There is no doubt that responsible GPs are worried about the state of the NHS, primary care, secondary care, the relentless growth in patients with autoimmune and mental health conditions, and, and, and….. And that many of them are fronting or taking part in initiatives, often government backed, to tackle different aspects of these malfunctions. The question is whether the forces that are ranged against them are too powerful for them to succeed in more than a piecemeal and local way.
A number of these GPs came together a few weeks ago under aegis of the Guild of Health Writers in conjunction with College of Medicine Beyond Pills Campaign that aims to replace the over prescription of unnecessary drugs with social activities. But they have massive problems to solve:
- Visits to GPs have increased from 2 per year in 2000 to 10 per year in 2020 yet we are losing an unprecedented number of newly qualified doctors driven away by unacceptable NHS working practices.
- Daily patient lists for working GPs can reach 30 to 40.
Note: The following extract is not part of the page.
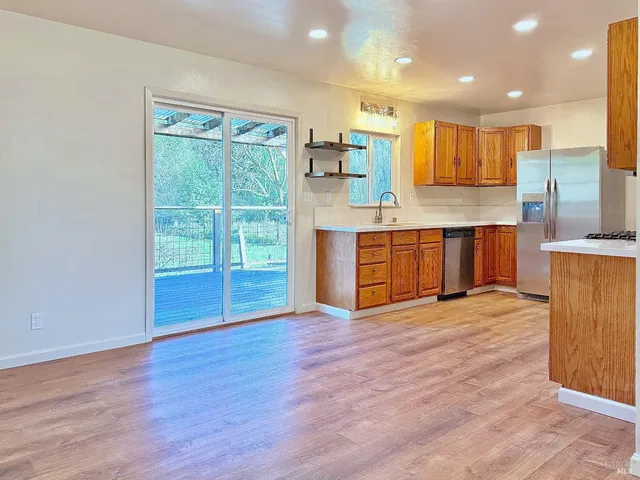 a view of kitchen with kitchen island wooden floor and window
- Dispensing in primary care doubled from 10 prescription items per head per year in 1996 to 20 in 2016
- 200-300 million prescribed drugs are wasted each year
- Adverse drug reactions account for 10-20% of hospital in-patient admissions
The speakers on the guild evening included the National Director for Clinical Prescribing, specifically tasked with tackling overprescribing; the first Patient Safety Commissioner, recently appointed to ‘improve the safety of medicines and medical devices by ensuring that patient voices are at the heart of the design and delivery of healthcare in England’ (although at the time of the evening she had a staff of four and as yet neither desk nor office); a ‘social prescriber’ working in Southwark in London and three GPs or practitioners using social prescribing in one form or another in their practices.
And the stand out message that came through from the evening was the need to listen to the patient voice. Shocking though it may seem, there are currently no patient representatives working within NHS England or in the Department of Health and Social Care. Is it surprising that the patient voice so often gets ignored?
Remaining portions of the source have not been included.